In order to reconstruct the orbit, we divided the trajectory in arcs that span two consecutive flybys. This approach was also followed by the navigation team (Bellerose et al. 2016). The extension of these arcs is mainly limited by the dynamical model accuracy in predicting the outbound trajectory of the satellite encounter. The resulting arc subdivision provides for an overlap between two consecutive flybys (e.g. if the i-th arc includes T52 and T53 as in Fig. 1, the (i+1)-th arc includes T53 and T54); this allows for a more robust estimate of the orbit and permits, for each flyby, to choose the arc that provides the most accurate solution.

In our OD solution, using navigation reconstructions (Antreasian et al. 2005, 2007, 2008; Pelletier et al. 2012; Bellerose et al. 2016) as a priori information, we then solved for the spacecraft initial conditions, corrections to OTMs direction and amplitude, small forces ΔV components, RTG acceleration, a scale factor for SRP, and stochastic accelerations. The latter are used for compensating remaining mis-modellings in the spacecraft dynamics; in particular, constant accelerations to the level of 5 × 10−13 km s−2 for each spacecraft-fixed frame axis are estimated and updated every eight hours. Moreover, during closer Titan flybys, we account for drag coefficients and corrections to the predicted RCS thrusts, which are used to counter the atmospheric torques and maintain the desired attitude.

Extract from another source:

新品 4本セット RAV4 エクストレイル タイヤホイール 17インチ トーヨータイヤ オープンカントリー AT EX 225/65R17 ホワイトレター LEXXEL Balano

A representation of the magnitude of the main accelerations acting on the spacecraft during a typical low-altitude flyby of Titan is given in Fig. 2. The plot shows the relevance of non-gravitational (NG) accelerations in the evolution of the trajectory and how their correct modelling plays a decisive role in obtaining a good reconstruction of the orbit. Because of the limited knowledge of such forces, in some passes additional stochastic accelerations to the level of 5 × 10−9 km s−2 along the spacecraft Z-axis2 and 5 × 10−11 km s−2 on X and Y were estimated and updated every five minutes. We extracted the gravities of Titan and Saturn, which still introduce a major effect on the spacecraft dynamics, from Durante et al. (2019) and Iess et al. (2019) and these values were not adjusted in our fit.

thumbnail Fig. 2.

Main accelerations acting on the spacecraft (bottom panel) in a close flyby of Titan (here represented for T50), during which Cassini flew over the moon at an altitude of 960 km (as shown in the top panel).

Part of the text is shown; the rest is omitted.